Write out the entries below exactly. End with the line that contains "Marilyn Monroe, Something's".
**** SOURCE DATA ****
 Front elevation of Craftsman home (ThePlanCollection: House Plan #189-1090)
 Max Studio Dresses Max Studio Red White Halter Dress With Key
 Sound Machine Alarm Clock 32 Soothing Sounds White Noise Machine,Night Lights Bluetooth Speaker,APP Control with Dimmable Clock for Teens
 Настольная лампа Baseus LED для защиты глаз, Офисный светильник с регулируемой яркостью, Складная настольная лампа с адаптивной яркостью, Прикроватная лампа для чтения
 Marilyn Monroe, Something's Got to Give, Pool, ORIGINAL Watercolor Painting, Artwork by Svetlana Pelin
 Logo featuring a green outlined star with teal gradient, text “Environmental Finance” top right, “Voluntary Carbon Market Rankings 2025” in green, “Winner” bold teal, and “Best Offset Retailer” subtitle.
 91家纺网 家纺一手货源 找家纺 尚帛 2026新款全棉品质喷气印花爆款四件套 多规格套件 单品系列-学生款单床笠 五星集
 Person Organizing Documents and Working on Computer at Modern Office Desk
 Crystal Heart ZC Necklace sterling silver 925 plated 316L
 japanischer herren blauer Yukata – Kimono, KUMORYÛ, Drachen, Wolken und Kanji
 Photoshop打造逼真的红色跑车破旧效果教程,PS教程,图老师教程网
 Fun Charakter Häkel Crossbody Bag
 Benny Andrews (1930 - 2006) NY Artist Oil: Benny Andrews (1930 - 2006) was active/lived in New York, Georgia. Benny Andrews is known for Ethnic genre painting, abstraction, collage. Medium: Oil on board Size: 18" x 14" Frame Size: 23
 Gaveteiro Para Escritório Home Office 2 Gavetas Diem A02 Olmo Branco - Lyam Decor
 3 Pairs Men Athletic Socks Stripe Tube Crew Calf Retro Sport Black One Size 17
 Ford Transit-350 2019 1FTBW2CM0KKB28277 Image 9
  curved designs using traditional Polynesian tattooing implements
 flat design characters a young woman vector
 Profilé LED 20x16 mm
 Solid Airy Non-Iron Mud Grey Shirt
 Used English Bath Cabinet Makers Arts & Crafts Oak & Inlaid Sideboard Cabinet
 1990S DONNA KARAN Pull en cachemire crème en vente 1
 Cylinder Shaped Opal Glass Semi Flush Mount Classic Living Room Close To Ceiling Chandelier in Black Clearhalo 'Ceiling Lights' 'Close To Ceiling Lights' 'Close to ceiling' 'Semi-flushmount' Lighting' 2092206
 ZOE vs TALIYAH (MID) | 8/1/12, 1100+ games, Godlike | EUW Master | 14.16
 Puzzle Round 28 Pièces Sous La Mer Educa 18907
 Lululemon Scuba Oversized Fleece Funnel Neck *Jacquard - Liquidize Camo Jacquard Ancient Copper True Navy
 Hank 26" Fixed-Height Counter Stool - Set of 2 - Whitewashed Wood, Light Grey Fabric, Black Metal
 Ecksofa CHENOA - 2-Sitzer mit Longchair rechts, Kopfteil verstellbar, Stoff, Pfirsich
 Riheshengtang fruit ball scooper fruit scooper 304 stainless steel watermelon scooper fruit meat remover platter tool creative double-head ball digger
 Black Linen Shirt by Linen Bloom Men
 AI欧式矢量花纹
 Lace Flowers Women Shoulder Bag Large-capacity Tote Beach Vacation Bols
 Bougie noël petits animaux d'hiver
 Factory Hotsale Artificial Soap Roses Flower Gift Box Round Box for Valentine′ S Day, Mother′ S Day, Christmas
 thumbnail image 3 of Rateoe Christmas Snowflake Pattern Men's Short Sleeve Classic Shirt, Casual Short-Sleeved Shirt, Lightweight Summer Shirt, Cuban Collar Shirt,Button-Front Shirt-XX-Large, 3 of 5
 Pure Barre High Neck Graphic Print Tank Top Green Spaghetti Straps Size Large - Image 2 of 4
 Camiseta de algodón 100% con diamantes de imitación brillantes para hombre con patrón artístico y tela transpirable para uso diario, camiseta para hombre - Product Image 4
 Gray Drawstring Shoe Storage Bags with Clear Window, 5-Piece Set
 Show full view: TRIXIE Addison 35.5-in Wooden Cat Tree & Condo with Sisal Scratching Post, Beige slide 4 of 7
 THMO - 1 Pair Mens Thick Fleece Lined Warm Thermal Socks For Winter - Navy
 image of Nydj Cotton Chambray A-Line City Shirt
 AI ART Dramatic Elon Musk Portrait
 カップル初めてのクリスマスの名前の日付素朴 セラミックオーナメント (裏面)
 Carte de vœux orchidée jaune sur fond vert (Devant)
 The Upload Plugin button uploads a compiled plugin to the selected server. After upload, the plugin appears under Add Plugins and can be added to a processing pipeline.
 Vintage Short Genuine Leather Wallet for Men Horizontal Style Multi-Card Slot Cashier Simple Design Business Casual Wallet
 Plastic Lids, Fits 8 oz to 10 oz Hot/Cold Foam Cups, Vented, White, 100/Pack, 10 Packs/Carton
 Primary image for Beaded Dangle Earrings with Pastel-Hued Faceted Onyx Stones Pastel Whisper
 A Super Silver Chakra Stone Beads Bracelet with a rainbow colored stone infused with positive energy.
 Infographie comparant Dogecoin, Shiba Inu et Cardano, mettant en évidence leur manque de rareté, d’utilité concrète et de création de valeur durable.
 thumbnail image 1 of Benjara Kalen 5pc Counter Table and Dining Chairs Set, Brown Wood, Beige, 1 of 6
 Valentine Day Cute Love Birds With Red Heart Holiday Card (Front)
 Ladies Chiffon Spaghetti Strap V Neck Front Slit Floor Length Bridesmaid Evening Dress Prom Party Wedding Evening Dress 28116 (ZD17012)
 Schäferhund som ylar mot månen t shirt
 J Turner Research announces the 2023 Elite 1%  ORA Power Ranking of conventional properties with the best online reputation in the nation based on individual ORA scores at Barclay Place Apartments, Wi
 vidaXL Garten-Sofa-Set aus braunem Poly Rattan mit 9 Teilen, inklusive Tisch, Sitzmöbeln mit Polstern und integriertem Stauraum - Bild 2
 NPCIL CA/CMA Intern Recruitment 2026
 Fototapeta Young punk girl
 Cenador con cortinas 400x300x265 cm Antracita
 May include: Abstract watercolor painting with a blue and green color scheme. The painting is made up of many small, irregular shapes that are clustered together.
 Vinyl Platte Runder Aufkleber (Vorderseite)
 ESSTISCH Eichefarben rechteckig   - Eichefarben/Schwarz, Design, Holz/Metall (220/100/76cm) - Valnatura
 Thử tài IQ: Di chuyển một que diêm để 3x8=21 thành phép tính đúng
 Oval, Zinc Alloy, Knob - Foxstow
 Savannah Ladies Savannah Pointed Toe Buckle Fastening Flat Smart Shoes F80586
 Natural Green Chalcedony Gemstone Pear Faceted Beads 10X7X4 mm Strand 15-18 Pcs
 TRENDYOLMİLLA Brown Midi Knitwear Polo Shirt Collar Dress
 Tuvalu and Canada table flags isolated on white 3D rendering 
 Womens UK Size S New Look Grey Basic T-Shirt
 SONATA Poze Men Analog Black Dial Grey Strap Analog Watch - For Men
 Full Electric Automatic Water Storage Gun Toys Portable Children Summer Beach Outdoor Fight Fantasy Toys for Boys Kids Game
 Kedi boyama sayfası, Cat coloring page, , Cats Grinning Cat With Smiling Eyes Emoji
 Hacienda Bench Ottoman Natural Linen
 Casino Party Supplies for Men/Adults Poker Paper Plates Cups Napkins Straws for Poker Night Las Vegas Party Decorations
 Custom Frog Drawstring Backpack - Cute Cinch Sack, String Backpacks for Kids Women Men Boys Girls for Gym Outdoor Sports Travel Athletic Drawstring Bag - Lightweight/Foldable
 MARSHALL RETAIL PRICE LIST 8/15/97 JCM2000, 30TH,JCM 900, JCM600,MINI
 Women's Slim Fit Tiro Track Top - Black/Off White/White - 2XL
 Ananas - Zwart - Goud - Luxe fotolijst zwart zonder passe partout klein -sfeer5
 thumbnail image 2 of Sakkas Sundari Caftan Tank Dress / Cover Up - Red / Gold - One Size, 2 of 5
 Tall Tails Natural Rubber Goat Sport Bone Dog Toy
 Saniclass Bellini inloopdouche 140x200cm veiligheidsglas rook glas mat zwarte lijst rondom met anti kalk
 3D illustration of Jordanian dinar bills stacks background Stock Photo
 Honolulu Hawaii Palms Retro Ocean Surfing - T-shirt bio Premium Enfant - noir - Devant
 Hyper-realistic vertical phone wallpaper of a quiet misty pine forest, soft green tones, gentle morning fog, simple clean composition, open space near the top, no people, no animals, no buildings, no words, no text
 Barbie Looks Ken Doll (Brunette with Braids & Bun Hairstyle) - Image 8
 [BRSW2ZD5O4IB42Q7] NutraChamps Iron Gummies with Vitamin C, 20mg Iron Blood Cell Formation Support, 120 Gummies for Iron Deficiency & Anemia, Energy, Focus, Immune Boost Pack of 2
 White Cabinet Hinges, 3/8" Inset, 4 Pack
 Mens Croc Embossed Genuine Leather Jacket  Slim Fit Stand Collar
****
# RESPONSE BOX
 Front elevation of Craftsman home (ThePlanCollection: House Plan #189-1090)
 Max Studio Dresses Max Studio Red White Halter Dress With Key
 Sound Machine Alarm Clock 32 Soothing Sounds White Noise Machine,Night Lights Bluetooth Speaker,APP Control with Dimmable Clock for Teens
 Настольная лампа Baseus LED для защиты глаз, Офисный светильник с регулируемой яркостью, Складная настольная лампа с адаптивной яркостью, Прикроватная лампа для чтения
 Marilyn Monroe, Something's Got to Give, Pool, ORIGINAL Watercolor Painting, Artwork by Svetlana Pelin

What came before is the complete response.